Thursday, May 21, 2009

Express Yourself


I ordered my business cards today! Woo!!!

S. Mohen's Reel 2009 from True Perfection on Vimeo.

posted by Sassy Mohen @ 12:21 PM | 4 Comments

Thursday, May 14, 2009

Superstition


Somehow in the midst of everything I've managed to stay afloat. I haven't really hid the fact I'm very unhappy right now. I suppose it's to be expected with the loss of a friend. At least I'm better than I was when I first found out about Elise.

It's weird to think of a concept of someone being gone. Non-existant. No longer capable of being talked too. I can't really wrap my head around it. I wish that Elise was here so that I could talk to her about death and all these big philosophical ideas, she would be the person i would talk to about this.

I always felt like I abandoned her when I moved to California.
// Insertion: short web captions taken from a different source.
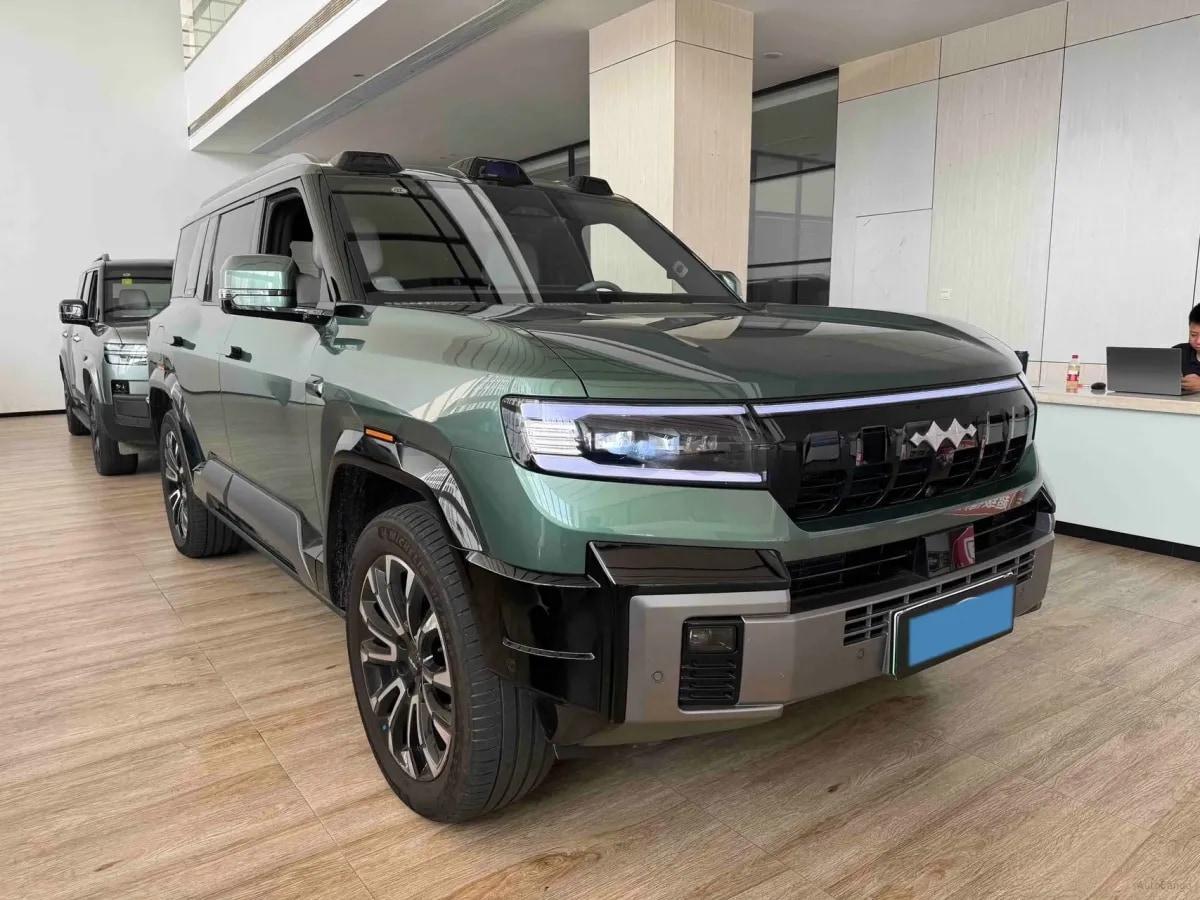 2025 Fang Cheng Bao Bao 8 2.0T 245HP L4 E-CVT PHEV 36.8KWH image 6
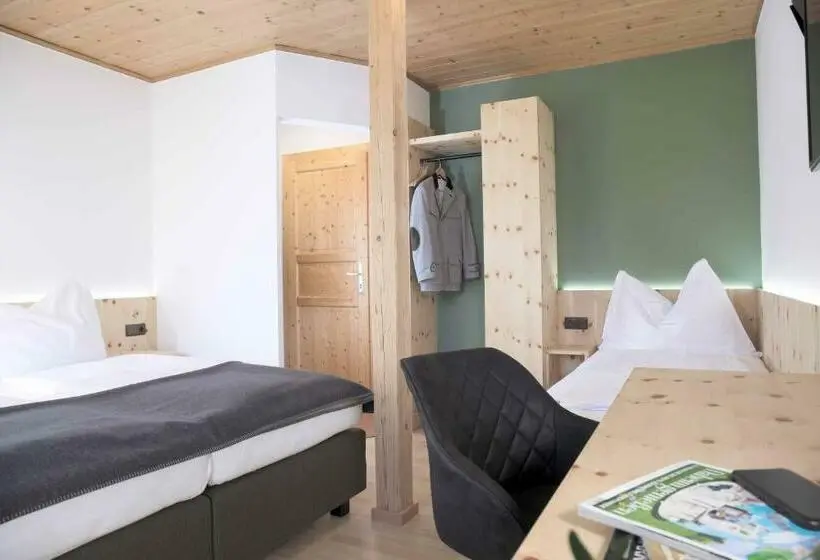Habitació Triple Estàndard, Landhof Lazarus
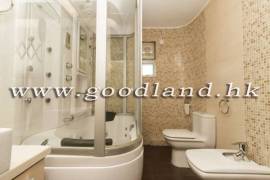 SAI KUNG Mountain View Pool Complex House For Sale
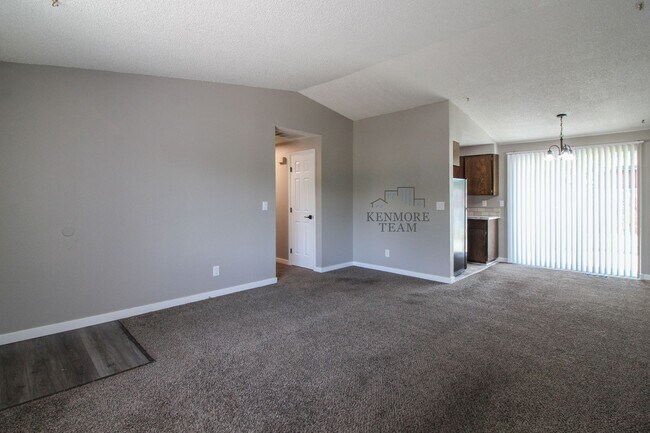 1602 Swift Blvd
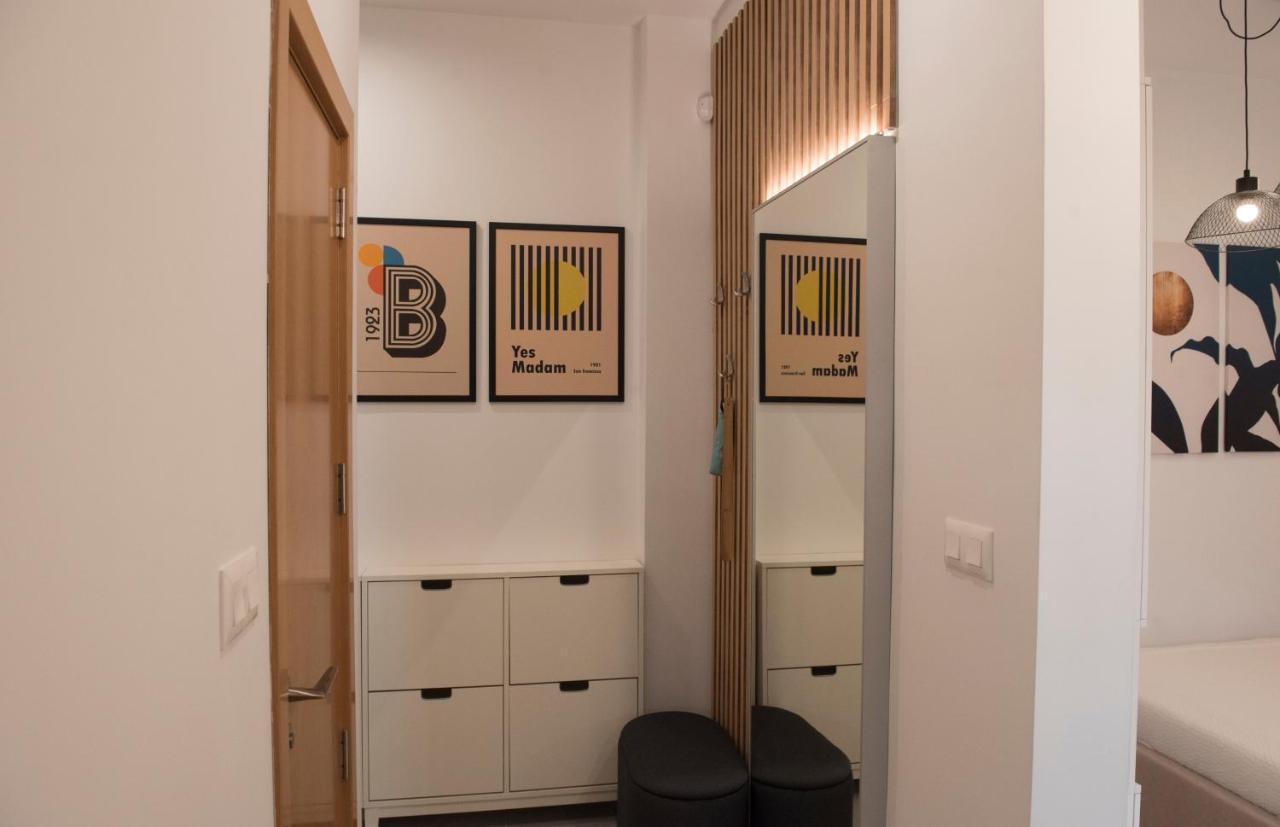 Top Center Designer Studio Apartment Sofia Exterior foto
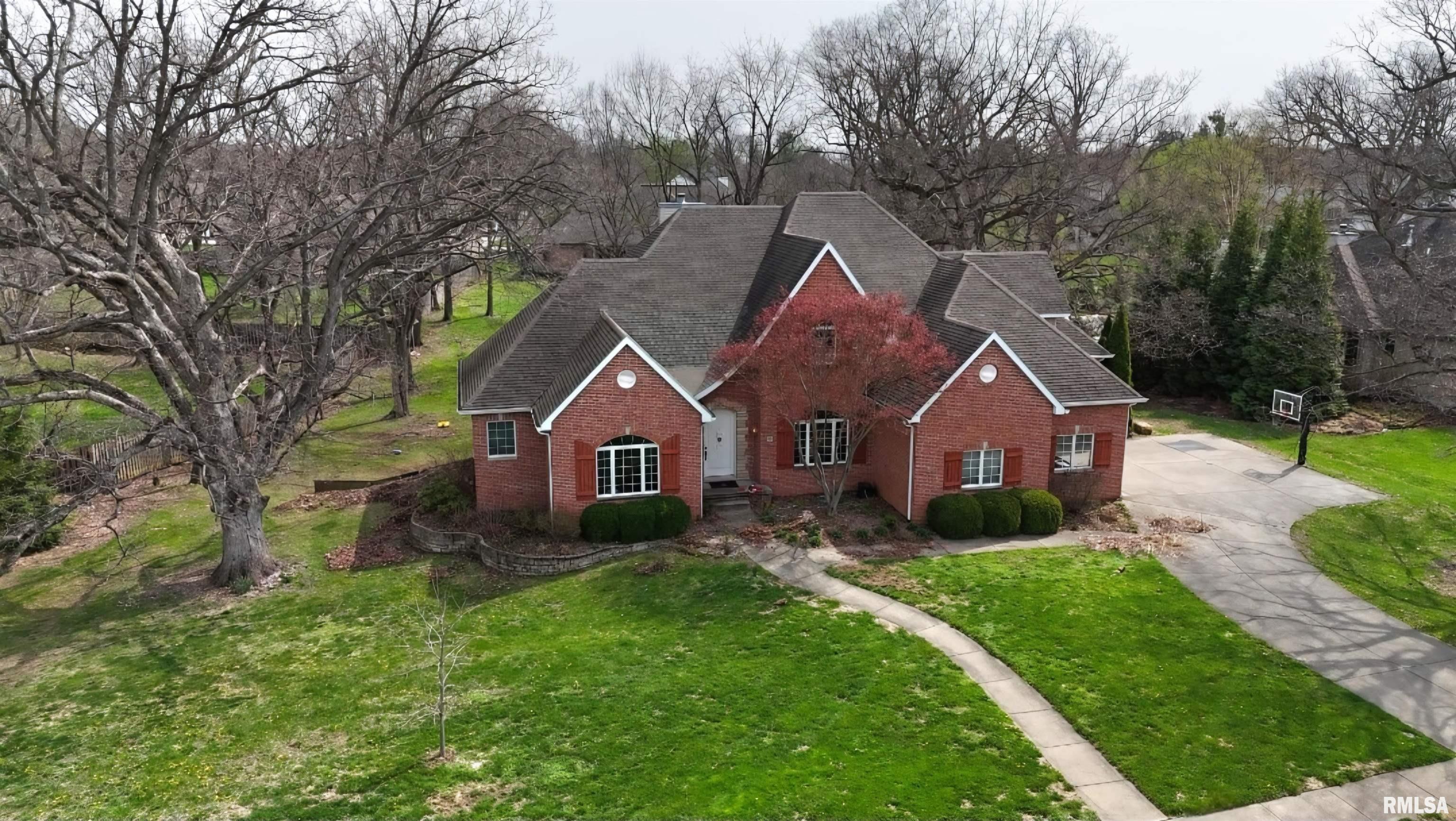 44 Woodland Trail Rochester, IL 62563 - Photo 2 of 4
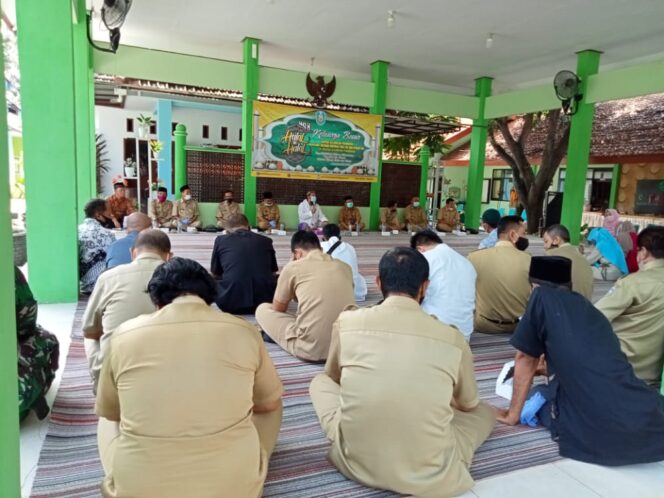 
					Pemerintahan Kecamatan Panarukan- Situbondo Gelar Halal Bihalal dan Silaturahmi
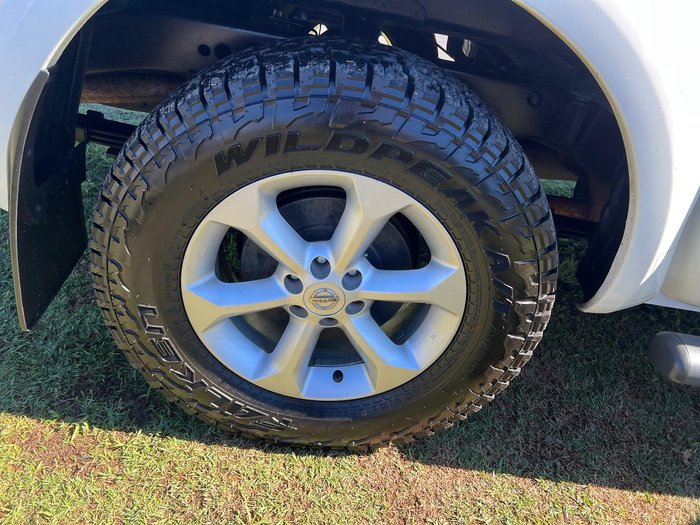 2011 Nissan Navara ST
I feel like I abandoned a few people when I did that. Maybe that's where my guilt comes from. I wish that she was still here so I could talk to her.

The funeral was a mess. Or maybe I was just a mess. Crying and crying. I cried all through my speech I made about her. No one else cried through their speechs. Well there was only 4 other people, one was the head of the psych department at JMU where she went to school, he gave her parents her diploma.



I've stared writing my next script which I'm dedicating to her. I just wish I didn't have too.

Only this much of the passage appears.